Sur place, les militants sont pugnaces. « L’extrême droite, c’est le porte-étendard des politiques antisociales, racistes et xénophobes. La combattre c’est une question de survie, d’égalité et de liberté », s’époumone Murielle Guibert, co-secrétaire général de Solidaires. Alors que les prises de paroles s’enchaînent depuis 18 heures, les représentants de l’intersyndicale qui a appelé à barrer la voie du Rassemblement national rejoignent la scène (la CFDT, la CGT, l’UNSA, le FSU et Solidaires ont signé un communiqué commun contre l’extrême droite le 1er juillet).
« Rien ne sera épargné même la liberté de la presse et nous ne voulons pas laissez faire », poursuit Dominique Corona, secrétaire général adjoint de l’UNSA. Même Sophie Binet, secrétaire générale de la CGT, alors en déplacement plus tôt dans la journée à Champigny (Val-de-Marne) a tenu à participer à la mobilisation. « Face au danger qui nous guette, nous sommes obligés de nous rassembler. La création du front républicain s’est faite dans la douleur mais ce n’est pas fini, affirme la cégétiste. Nous vivons un grand moment de lutte et c’est le rôle des syndicats que de faire partie de la bataille ».
Dans le public, des sourires s’affichent sur les visages ô combien riches en diversité. Des jeunes femmes et hommes mêlés à des personnes un peu plus âgées ont répondu présent. Il suffit d’entendre les chants des participants au rassemblement pour comprendre l’émotion suscitée par le résultat du premier tour : «*Siamo tutti antifascisti » puis « la jeunesse emmerde le Front national ».
La mobilisation possède des allures de campagne électorale… à l’exception près qu’elle a été organisée par la société civile. « Il est urgent d’agir. Nous pouvons éviter la catastrophe le 7 juillet en donnant les clés de l’Assemblée nationale au parti d’extrême droite même si nous avons déjà atteint un point critique », confie Dominique Sopo, président de SOS Racisme, déjà présent au premier meeting unitaire du Nouveau Front populaire organisé par Julia Cagé le 17 juin à Montreuil, en Seine-Saint-Denis.

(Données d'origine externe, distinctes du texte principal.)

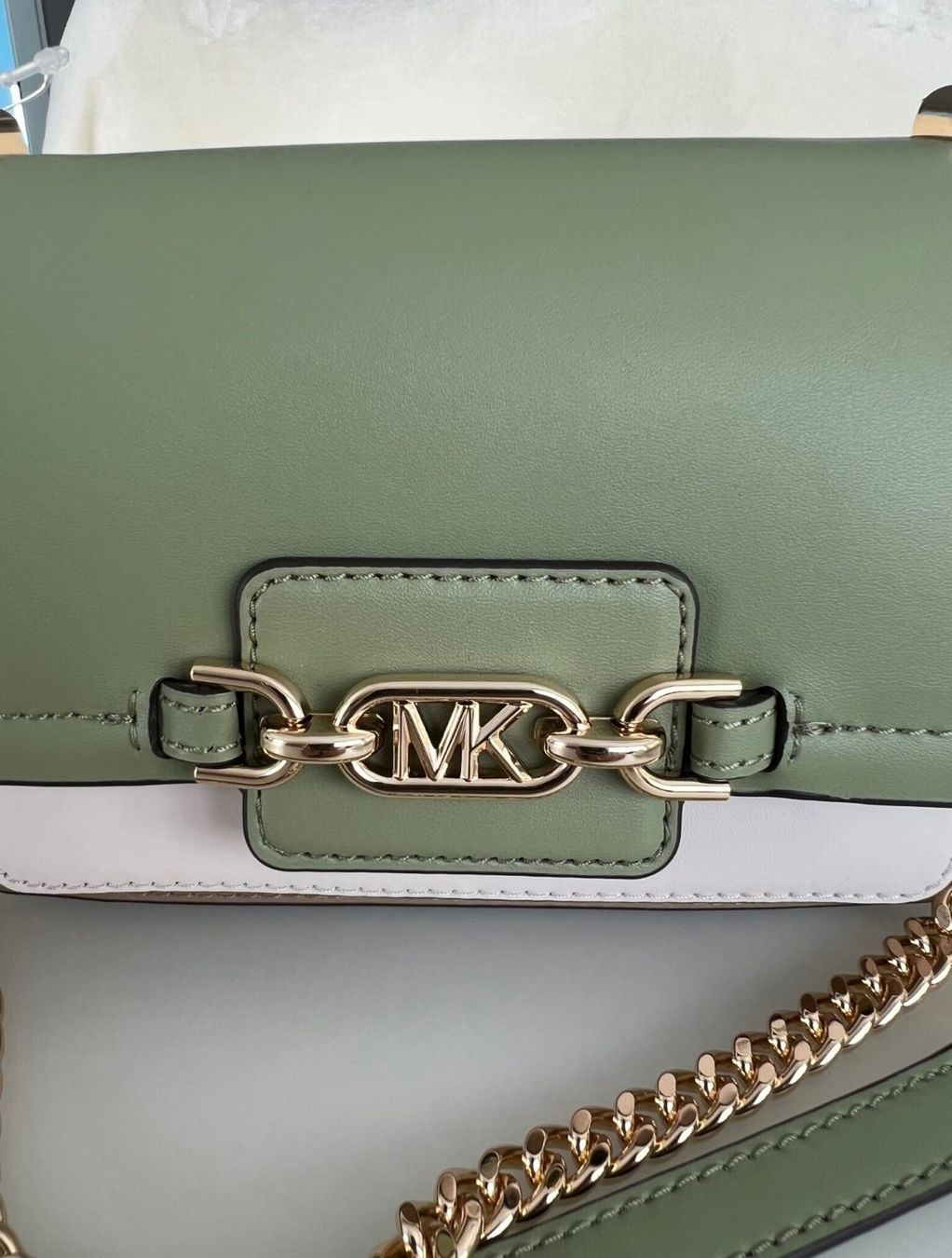 Michael Kors Taschen für Damen: Michael Kors Tasche light sage/camel – Neu und originalverpackt aus Wiedlisbach von Sistershop 5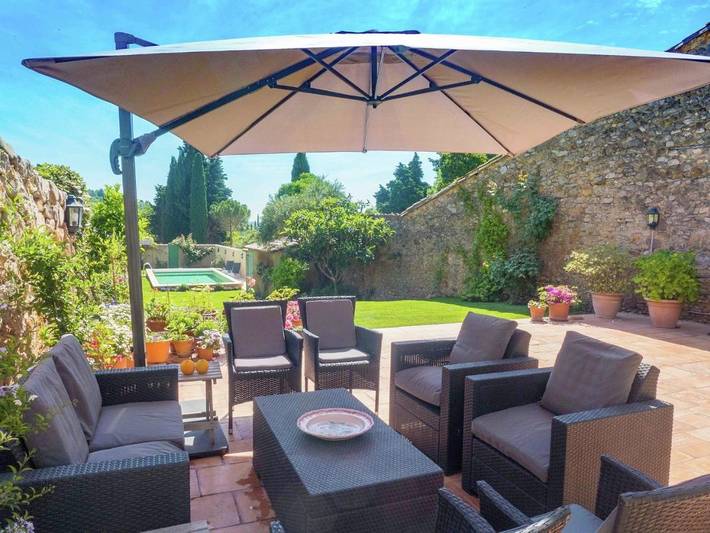 Location de vacances pour 6 personnes, avec jardin ainsi que terrasse et piscine à Montouliers - 3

À quelques pas du président associatif se trouve l’ancien numéro 15 de l’équipe de France de football, Lilian Thuram. Connu sur les terrains comme pour son engagement contre les inégalités, l’auteur du Manifeste pour l’égalité appelle « à voter » contre le parti présidé par Jordan Bardella et se satisfait qu’être « Français n’est pas une question de couleur ni de religion ». Des propos qui s’opposent à l’infâme proposition du RN de d’interdire les « emplois sensibles » aux « binationaux ».
Vers les coups de 21 heures, les prises de paroles des syndicats et associatifs s’estompent pour laisser plusieurs artistes issus de la scène rap française s’emparer de la scène. Prince Waly, Jäde, Théodora, Ben PLG et consorts se succèdent tandis que le public s’enflamme. De l’espoir est permis avant le résultat de dimanche. En espérant qu’il provoque la même chaleur.